Così compreso, il «facciamo l’uomo» di Gn 1,26 contiene l’imprinting relazionale dell’umanesimo biblico, nel cui solco l’orante del salmo 8 tenterà di sapere chi sia l’essere umano domandandolo a Dio stesso, ancora una volta nell’orizzonte di una costitutiva interlocuzione («Chi è l’uomo, perché tu te ne ricordi? Il figlio dell’uomo, perché tu te ne prenda cura?»): l’essere umano è tale in quanto suscitato all’interno di una relazione, in quanto chiamato alla relazione. Fin dall’inizio egli è come contagiato dall’attitudine dialogica di Dio stesso, Colui che è l’Unico sì, ma senza mai essere autoreferenziale e senza mai restare solitario.

Questo imprinting relazionale – che significa smarcarsi dall’autoreferenzialità, accettarsi dalle mani altrui per poter essere responsabilmente se stesso, essere rivolto a qualcuno – disegna sin dal principio il volto umano dotandolo di caratteri tipicamente personali, conferendogli cioè la capacità di esprimere la propria identità rievocando l’altro: per dire, insomma, che l’essere umano in tanto è se stesso in quanto è dall’altro, per l’altro, con l’altro, ancora una volta – come papa Francesco suggerisce nella Laudato si’ n. 66 – riconoscendo il valore dell’alterità in ogni senso, in ogni direzione possibile: verso il prossimo e verso il mondo, oltre che verso Dio.
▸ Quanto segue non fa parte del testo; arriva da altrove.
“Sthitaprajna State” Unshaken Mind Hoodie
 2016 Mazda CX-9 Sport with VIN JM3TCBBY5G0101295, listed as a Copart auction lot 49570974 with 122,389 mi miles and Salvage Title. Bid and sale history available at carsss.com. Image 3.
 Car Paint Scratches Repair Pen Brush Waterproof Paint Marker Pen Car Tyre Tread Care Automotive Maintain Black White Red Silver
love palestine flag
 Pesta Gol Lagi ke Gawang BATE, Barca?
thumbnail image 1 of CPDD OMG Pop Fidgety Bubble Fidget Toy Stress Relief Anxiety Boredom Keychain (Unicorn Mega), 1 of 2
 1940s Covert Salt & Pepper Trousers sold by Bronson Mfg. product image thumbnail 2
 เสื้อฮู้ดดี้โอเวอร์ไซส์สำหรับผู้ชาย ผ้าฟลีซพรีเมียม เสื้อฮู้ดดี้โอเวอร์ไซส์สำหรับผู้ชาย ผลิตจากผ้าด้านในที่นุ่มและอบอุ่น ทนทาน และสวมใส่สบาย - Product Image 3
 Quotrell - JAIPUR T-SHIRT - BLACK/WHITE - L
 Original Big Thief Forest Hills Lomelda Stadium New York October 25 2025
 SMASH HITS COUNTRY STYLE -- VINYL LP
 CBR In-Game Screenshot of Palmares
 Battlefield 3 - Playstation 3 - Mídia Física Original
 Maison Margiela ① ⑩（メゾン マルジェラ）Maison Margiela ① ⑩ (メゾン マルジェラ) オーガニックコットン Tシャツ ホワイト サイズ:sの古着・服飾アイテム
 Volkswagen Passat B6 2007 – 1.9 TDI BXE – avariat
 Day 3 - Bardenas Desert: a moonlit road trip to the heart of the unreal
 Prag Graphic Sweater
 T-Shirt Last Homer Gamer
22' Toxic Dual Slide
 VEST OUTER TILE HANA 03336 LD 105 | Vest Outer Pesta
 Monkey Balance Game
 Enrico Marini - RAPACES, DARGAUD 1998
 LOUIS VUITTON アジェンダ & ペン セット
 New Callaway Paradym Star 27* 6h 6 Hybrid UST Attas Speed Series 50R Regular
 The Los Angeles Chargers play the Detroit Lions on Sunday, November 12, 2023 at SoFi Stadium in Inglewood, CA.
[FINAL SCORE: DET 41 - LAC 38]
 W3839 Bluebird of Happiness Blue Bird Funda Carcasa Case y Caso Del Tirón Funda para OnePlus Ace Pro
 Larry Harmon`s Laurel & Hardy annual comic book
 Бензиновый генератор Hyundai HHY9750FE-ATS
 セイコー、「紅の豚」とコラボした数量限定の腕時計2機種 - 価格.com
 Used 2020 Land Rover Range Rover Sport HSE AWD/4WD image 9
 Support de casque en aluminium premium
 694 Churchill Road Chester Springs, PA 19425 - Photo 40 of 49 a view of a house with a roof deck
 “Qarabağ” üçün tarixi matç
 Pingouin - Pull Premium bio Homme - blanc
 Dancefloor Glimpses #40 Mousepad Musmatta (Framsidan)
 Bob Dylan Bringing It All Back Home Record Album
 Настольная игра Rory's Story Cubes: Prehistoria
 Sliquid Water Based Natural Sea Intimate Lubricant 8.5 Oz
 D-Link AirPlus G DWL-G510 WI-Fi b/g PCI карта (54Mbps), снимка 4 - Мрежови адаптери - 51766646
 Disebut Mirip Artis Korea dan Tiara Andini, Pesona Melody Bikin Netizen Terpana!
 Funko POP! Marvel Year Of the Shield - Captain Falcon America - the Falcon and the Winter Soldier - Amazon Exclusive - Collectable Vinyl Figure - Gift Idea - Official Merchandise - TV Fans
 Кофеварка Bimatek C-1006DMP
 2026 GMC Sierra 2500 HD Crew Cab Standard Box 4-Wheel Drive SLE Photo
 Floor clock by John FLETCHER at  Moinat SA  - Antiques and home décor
2. L’alterità come intimo punto di forza dell’’adâm

Nel racconto genesiaco, il prossimo, sacramento dell’alterità, è chiamato in causa subito e in termini radicali: «Dio creò l’uomo secondo la sua immagine, a immagine di Dio lo creò, maschio e femmina li creò». Il plurale di nuovo fa capolino a sorpresa nel racconto. Non per smentire l’unicità dell’essere umano creato a immagine e somiglianza di Dio (dell’Unico), ma per sostenere questa medesima unicità dal suo stesso di dentro, per darle corpo, spessore, consistenza concreta. L’alterità, così, non è una dimensione estrinseca all’essere umano, non gli rimane esterna. È, piuttosto, una dimensione a lui interna, interiore a tal punto da risultare per lui costitutiva. Non il limite con cui dovrà scontrarsi, la minaccia da cui dovrà difendersi, ma il suo intimo punto di forza, la sua migliore possibilità. Alcuni commentatori hanno evidenziato, già tempo fa, che il termine ebraico ’adâm, in questo nostro testo biblico, ha un senso collettivo. L’essere umano è segnato in profondità dall’alterità, a tal punto da risultare un soggetto plurale, il cui profilo è destinato a essere comunitario, il cui respiro dovrà essere comunionale. Per l’essere umano non si tratterà semplicemente di tollerare l’alterità attorno a sé, ma di ospitarla in sé, di riconoscerla e di accettarla come la sua fondamentale regola grammaticale, come la sua sintassi esistenziale: dal sesto giorno della creazione in poi, l’essere umano dovrà portarsi dentro l’altro e dovrà portarsi l’altro dentro. Vuol dire che l’essere umano dovrà declinarsi per sempre al plurale, basando la sua vita sulla valorizzazione dell’alterità, sulla distinzione non divaricante, nell’incrociarsi degli sguardi, nell’accoglienza reciproca, nell’incontro fiducioso e nel contatto generoso, nel rispetto delle differenze, nel superamento delle diffidenze.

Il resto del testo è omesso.